Armor: Leather, Hide

Enhancement: AC

Property: Resist 10 Necrotic.

Level 25 or 30: Resist 15 Necrotic

Power (Encounter): (Shapechanging) The wielder may take on the form of a unique individual of the same type as the armor (dwarf, elf, human, etc). This lasts for five minutes, but can be extended an additional five minutes by expending a healing surge. The wearer’s size will change to that of the appropriate race, but none of his other abilities, powers, attacks, etc, are altered.

Level 25 or 30: The shapechange lasts until it is dismissed as a minor action or until the wearer takes an extended rest.

 

Power (Daily):(Minor Action) The wearer invokes the power of the race from whom the armor is shaped. For the duration of the encounter, he gains one of the following:

Dragonborn: You may use dragon breath as an encounter power.

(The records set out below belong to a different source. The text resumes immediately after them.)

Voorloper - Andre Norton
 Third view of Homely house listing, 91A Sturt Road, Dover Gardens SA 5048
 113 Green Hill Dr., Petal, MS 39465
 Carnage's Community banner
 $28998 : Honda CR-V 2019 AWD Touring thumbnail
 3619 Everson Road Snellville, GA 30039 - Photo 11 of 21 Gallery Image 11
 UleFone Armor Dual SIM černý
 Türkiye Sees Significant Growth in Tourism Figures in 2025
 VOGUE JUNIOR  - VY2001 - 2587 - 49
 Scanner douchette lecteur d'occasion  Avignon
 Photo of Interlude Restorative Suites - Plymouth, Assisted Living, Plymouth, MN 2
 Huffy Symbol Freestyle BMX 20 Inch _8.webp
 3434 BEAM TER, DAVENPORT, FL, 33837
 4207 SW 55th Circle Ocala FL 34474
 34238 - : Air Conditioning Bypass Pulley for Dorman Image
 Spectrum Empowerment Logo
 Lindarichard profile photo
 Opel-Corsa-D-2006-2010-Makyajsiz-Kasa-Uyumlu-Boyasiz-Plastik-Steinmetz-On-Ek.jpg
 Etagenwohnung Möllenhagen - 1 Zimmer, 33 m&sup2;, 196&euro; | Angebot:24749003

Dwarf: You gain stand your ground until the end of the encounter.

Eladrin: You may use fey step once during this encounter.

Elf: You gain wild step until the end of the encounter.

Half-Elf: When the armor is first found, it has an at-will power of a particular class embedded into it. Activating the armor’s power allows you to use that at-will once during this encounter.

Halfling: You may use second chance once per encounter.

Human: When the armor is first found, it will have a  Heroic or Paragon feat embedded into it. Activating this power grants the character use of that feat for the remainder of the encounter.

Tiefling: You may use infernal wrath once per encounter.